Date published: 19 de June de 2023

Director(s): Riley Keough, Gina Gammell

Actor(s): Jojo Bapteise Whiting, LaDainian Crazy Thunder, Robert Stover, Ashley Shelton, Jesse Schmockel, Sprague Hollander, Iona Red Bear, Wilma Colhof, Woodrow Lone Elk, Jeremy Corbin Cottier, Ta-Yamni Long Black Cat

Genre: Drama, 2022, 115 min.

  • Cláudio Alves - 72
72

CONCLUSÃO:

“War Pony” transcende a qualidade de cinema etnográfico para ser algo mais próximo de um autorretrato da comunidade Lakota na Reserva de Pine Ridges. Contudo, essa dimensão seria impossível sem as modulações de classicismo e traços realistas que a equipa de corealizadoras Riley Keough e Gina Gammell trazem ao projeto. Longe da perfeição, o filme constitui um esforço de valor evidente, nem que seja pelas histórias que se digna a contar, pela voz que concede àqueles a quem a expressão é tantas vezes silenciada.
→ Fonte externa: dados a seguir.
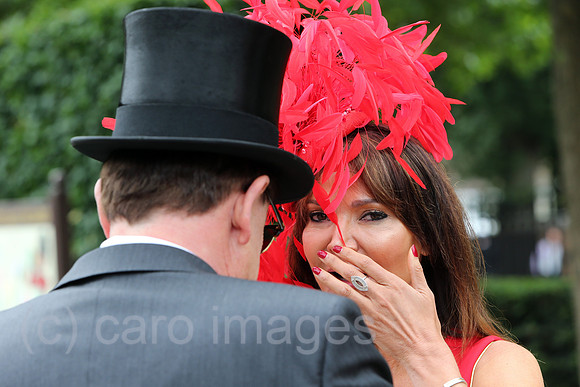Royal Ascot, Fashion, woman with hat and man with top hat at the racecourse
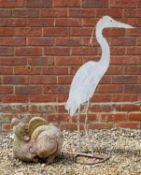 A painted wrought iron ornamental heron profile 98cm high together with a small sculpture of a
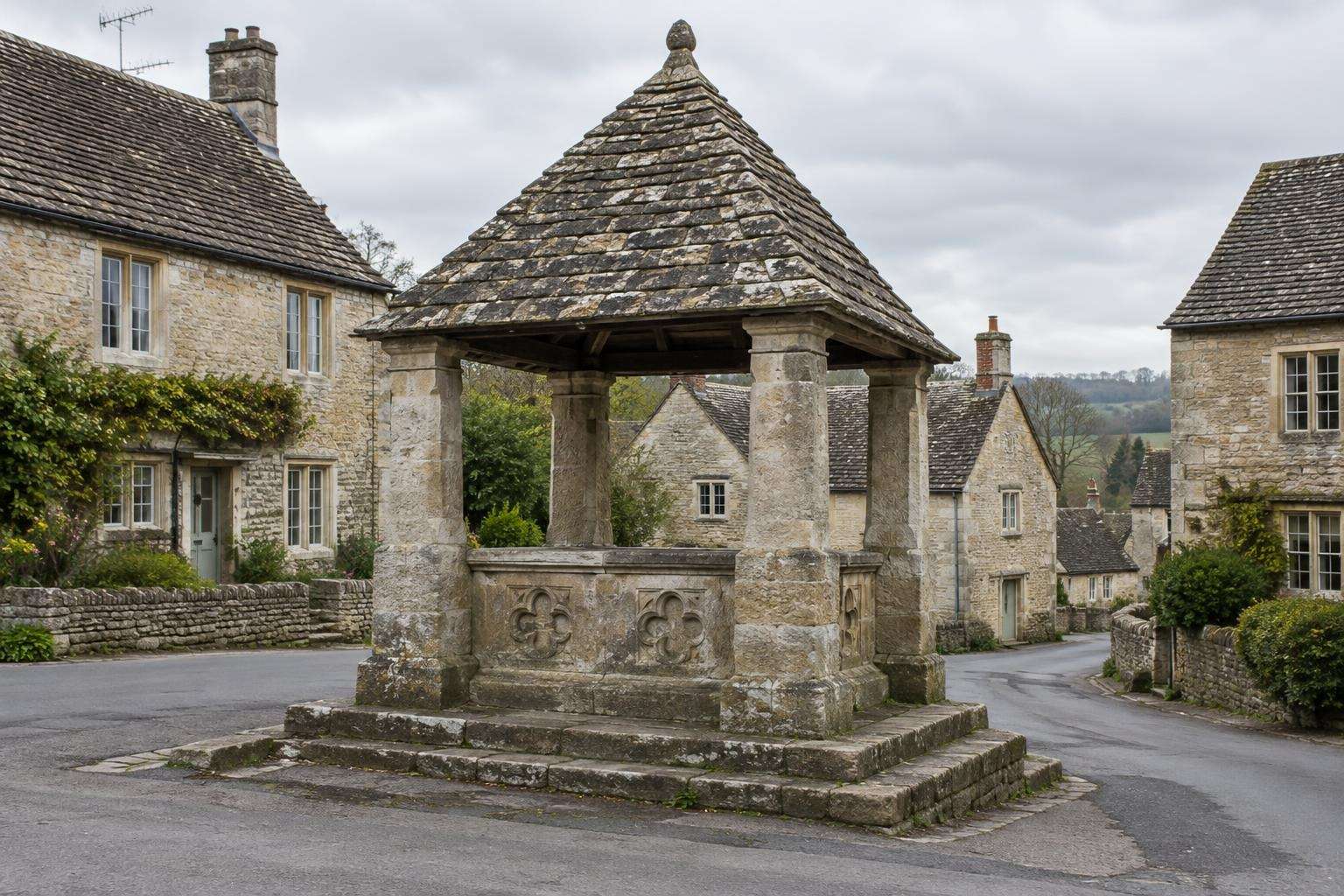 A late-medieval market cross with a stone-tiled pyramid roof on four piers in a Wiltshire village market place.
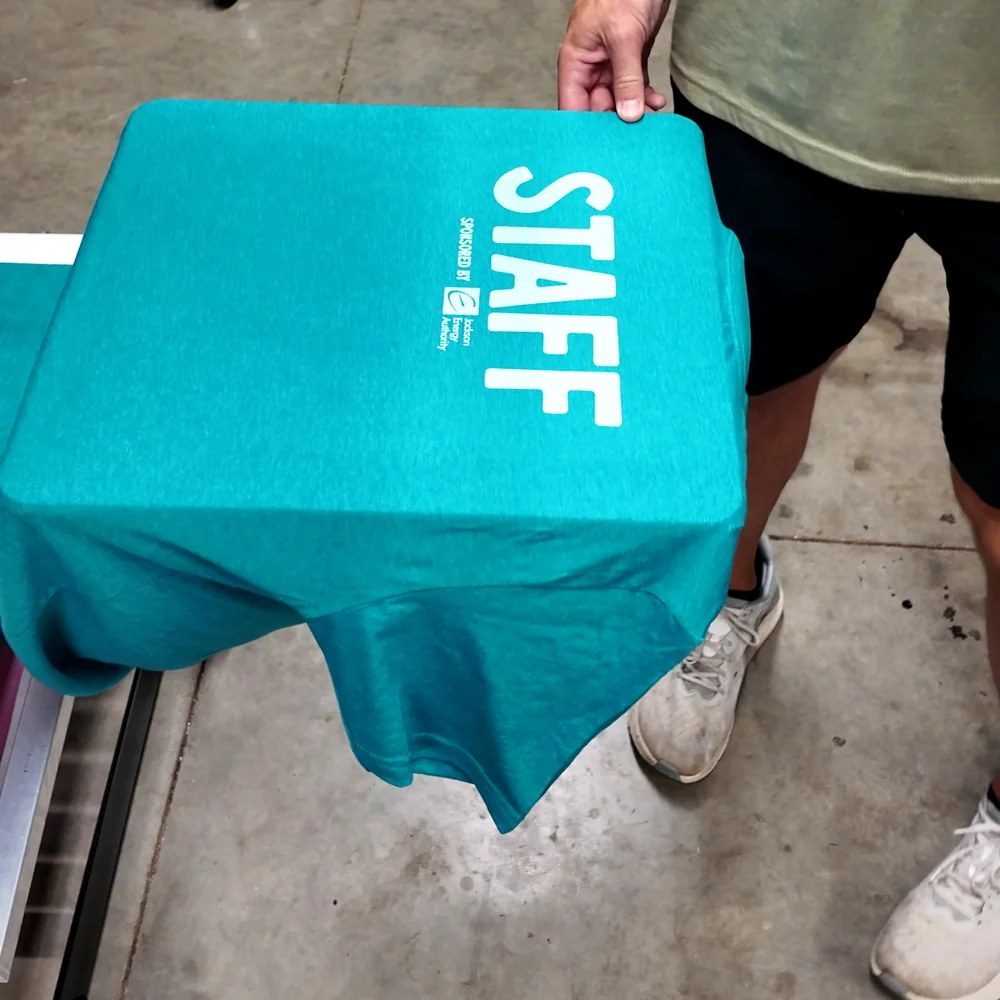 Teal First Fridays staff T-shirt printed with STAFF in white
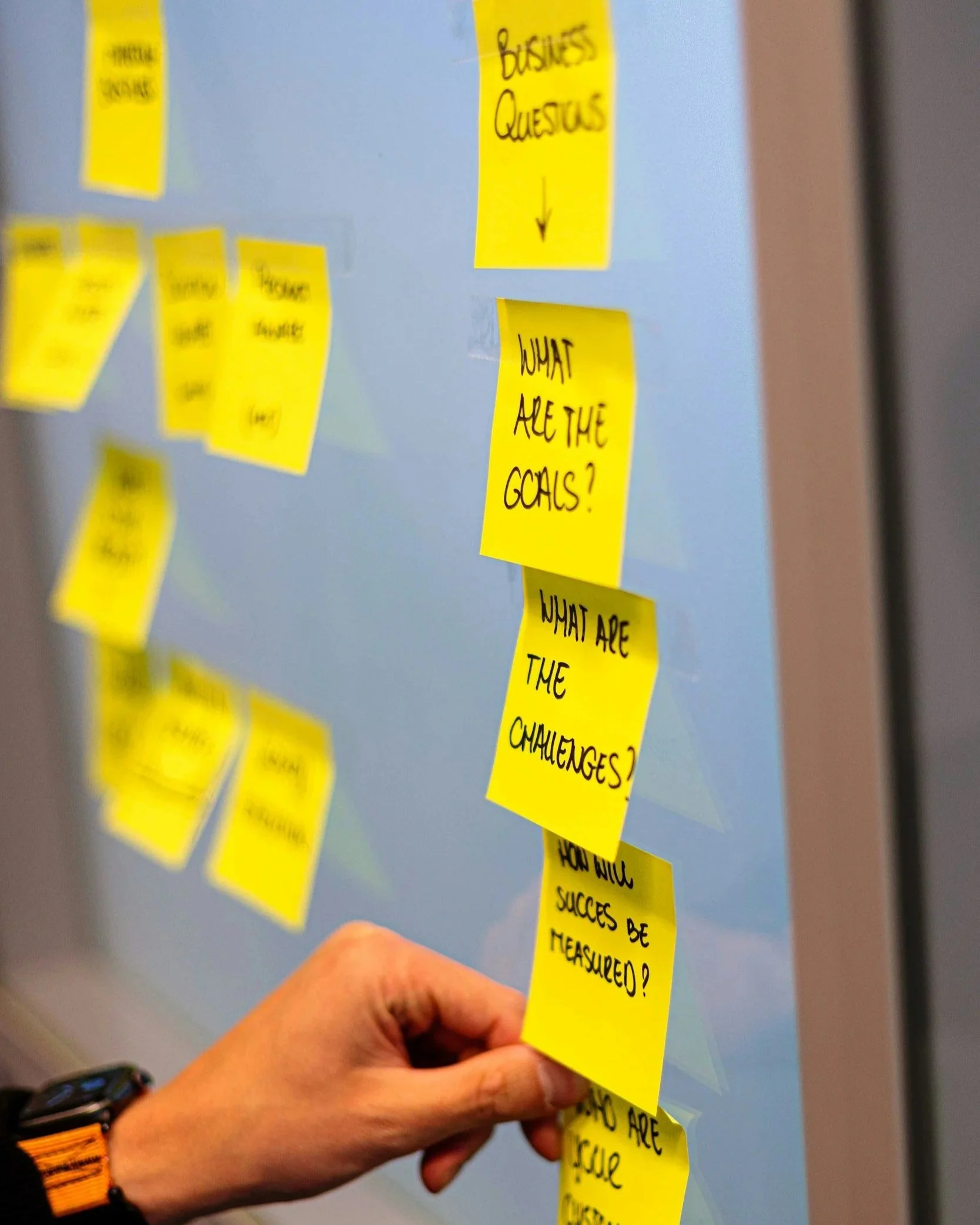 A person holding a yellow sticky note with the handwritten question, 'What are the challenges?' It appears to be part of a larger collection of notes on a wall, with other sticky notes visible in the background. The person is wearing a black and orange striped wristwatch.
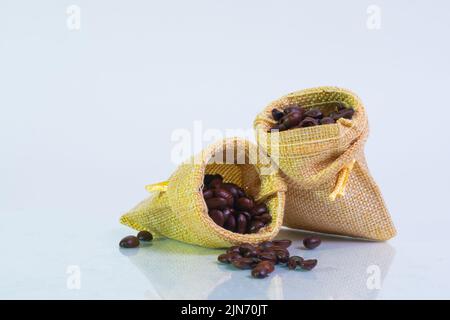 Sackleinen gefüllt mit gerösteten Kaffeebohnen auf weißem Hintergrund, Makrofoto Stockfoto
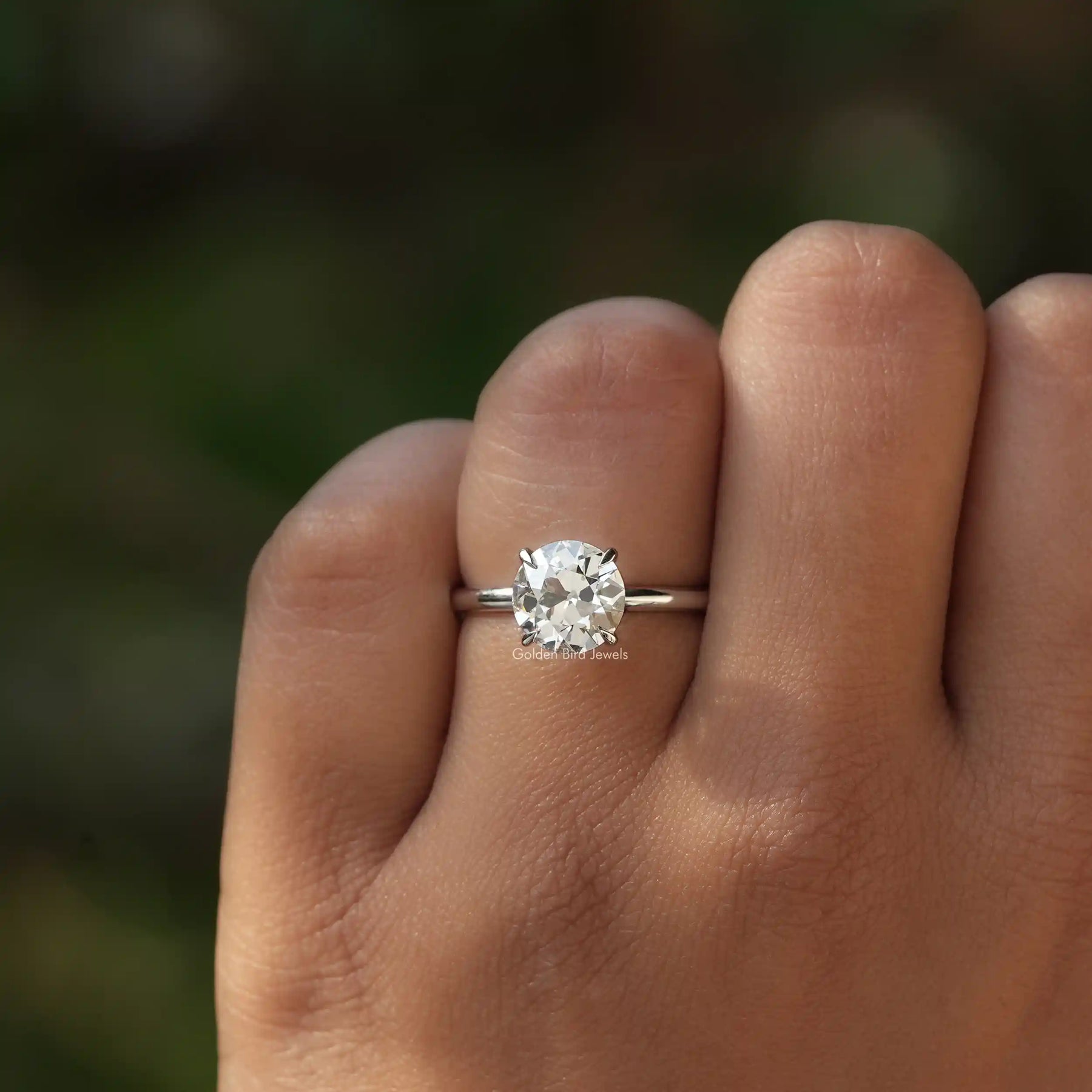 View of Old European Round Cut Solitaire Engagement Ring In finger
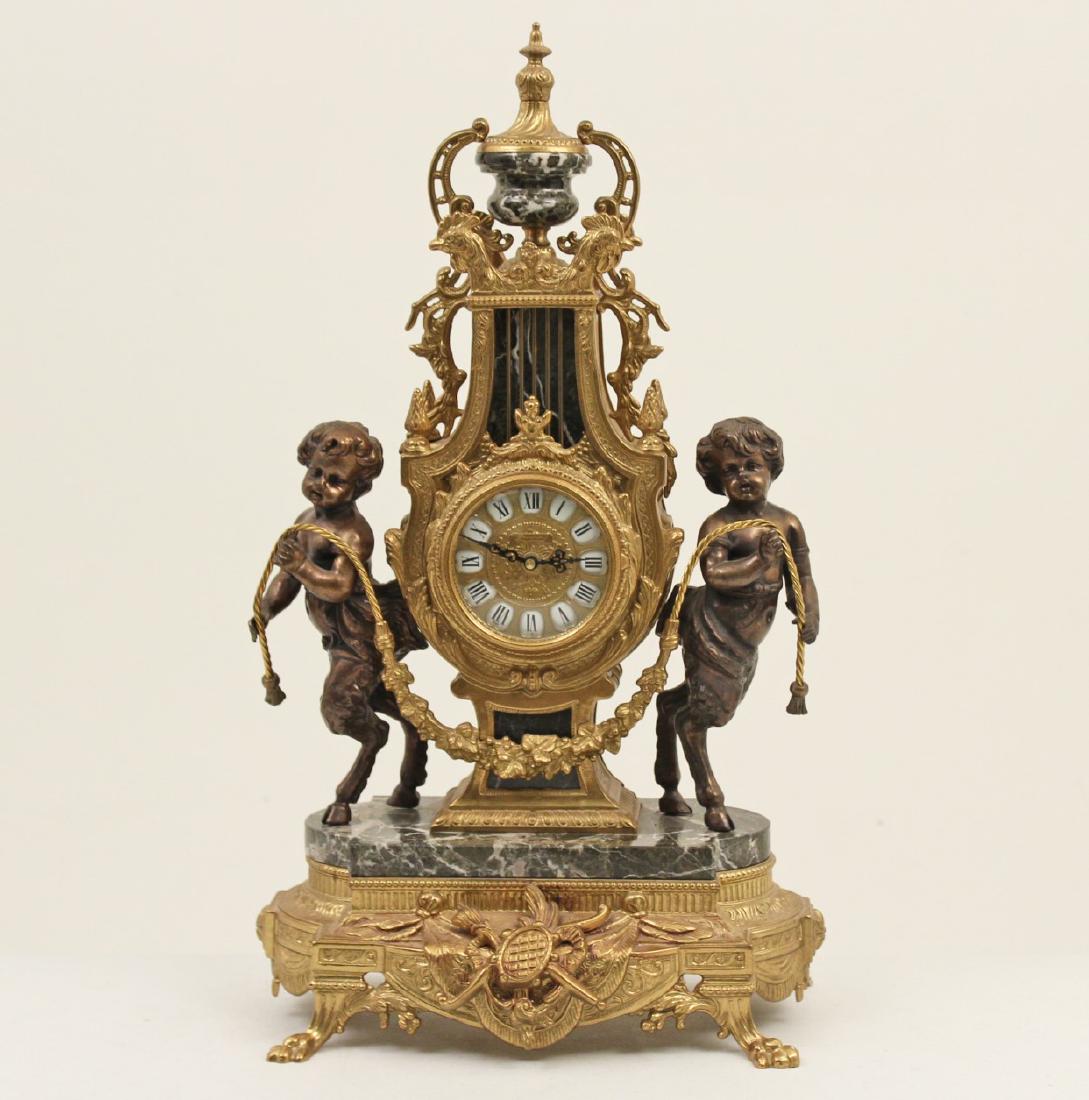 FRENCH STYLE GILT METAL AND BLACK MARBLE CLOCK: FRENCH STYLE GILT METAL AND BLACK MARBLE CLOCK HAVING "CLODION" INSPIRED PUTTI FIGURE SURMOUNTS WITH HOOF FOOT HOLDING FOLIATED VINE SURROUNDING LYRE FORMED CLOCK WITH ROOSTER HEADS AND URN FINIAL RES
O MELHOR: A variedade tonal que permite acessos de humor entre a sinfonia de vidas sôfregas, o sentido de autenticidade no intuito autoral, o holofote que se brilha sobre realidades raramente dramatizadas em cinema Americano.

O PIOR: O casting de atores amadores dá um toque de realidade, mas também coloca um limite na pujança dramática do filme. Além disso, as ambiguidades narrativas, especialmente no que se refere à relação das duas histórias, não perdoam.